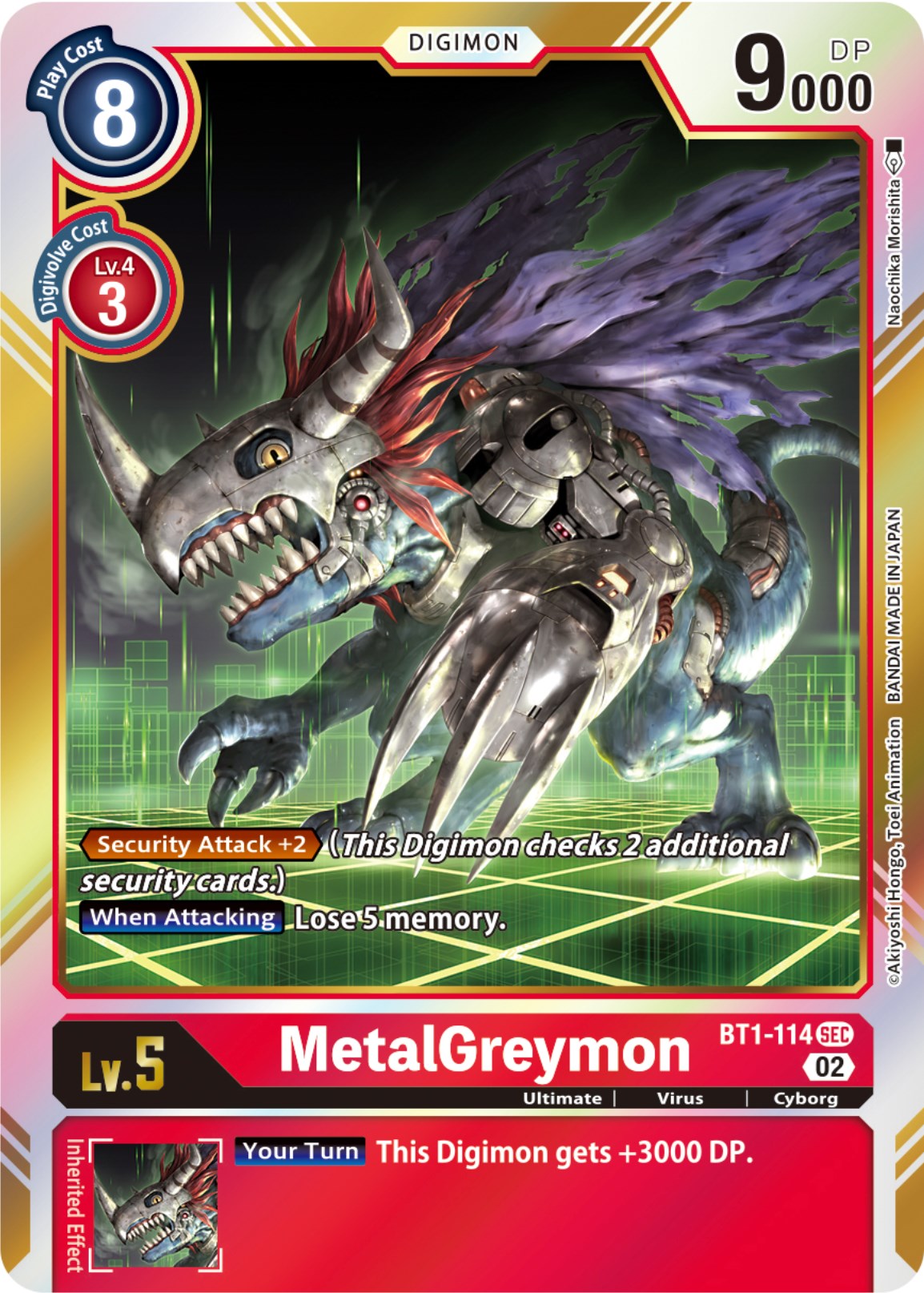 MetalGreymon [BT1-114] (Resurgence Booster Reprint) [Resurgence Booster] | The Time Vault CA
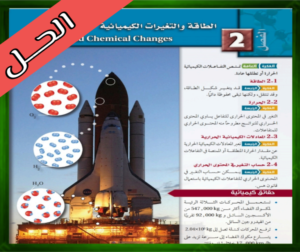 حل كتاب الكيمياء 2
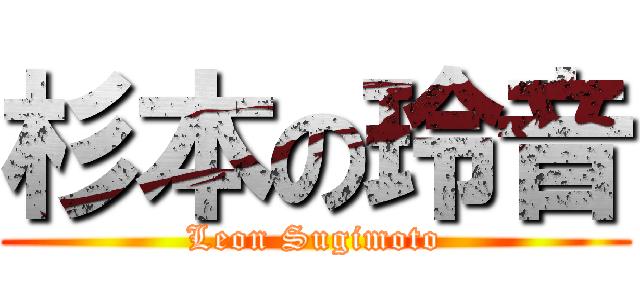 杉本の玲音 (Leon Sugimoto)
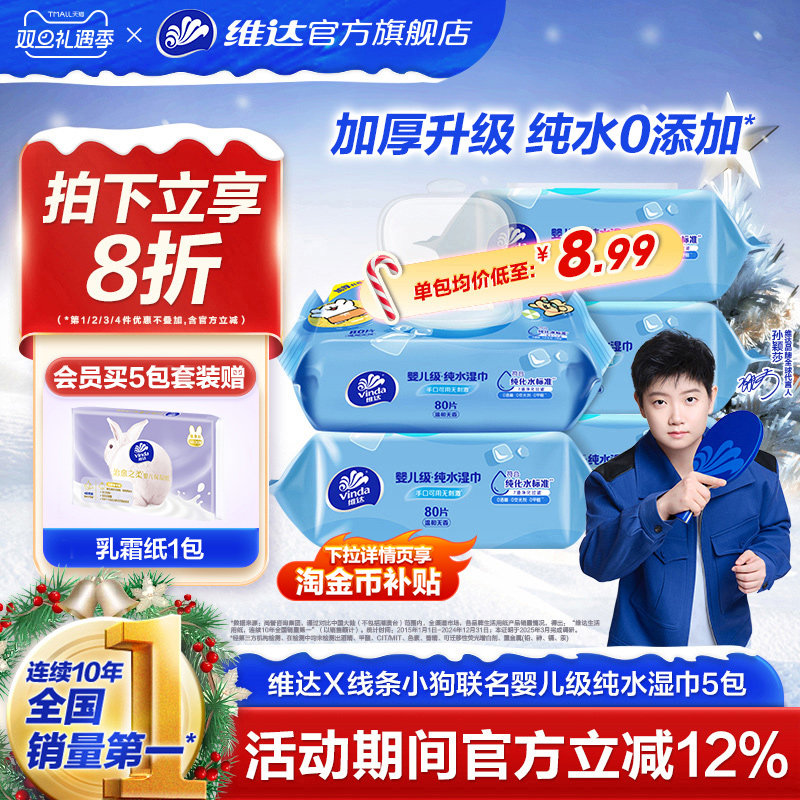 维达纯水湿巾婴儿级手口可用家用大包加厚80抽男女士清洁湿纸巾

━━━━━━

### [Problem description]
Would you output the data above exactly as written, but with no images?

### [Answer space]
 MetalGreymon [BT1-114] (Resurgence Booster Reprint) [Resurgence Booster] | The Time Vault CA
 حل كتاب الكيمياء 2
 杉本の玲音 (Leon Sugimoto)
 维达纯水湿巾婴儿级手口可用家用大包加厚80抽男女士清洁湿纸巾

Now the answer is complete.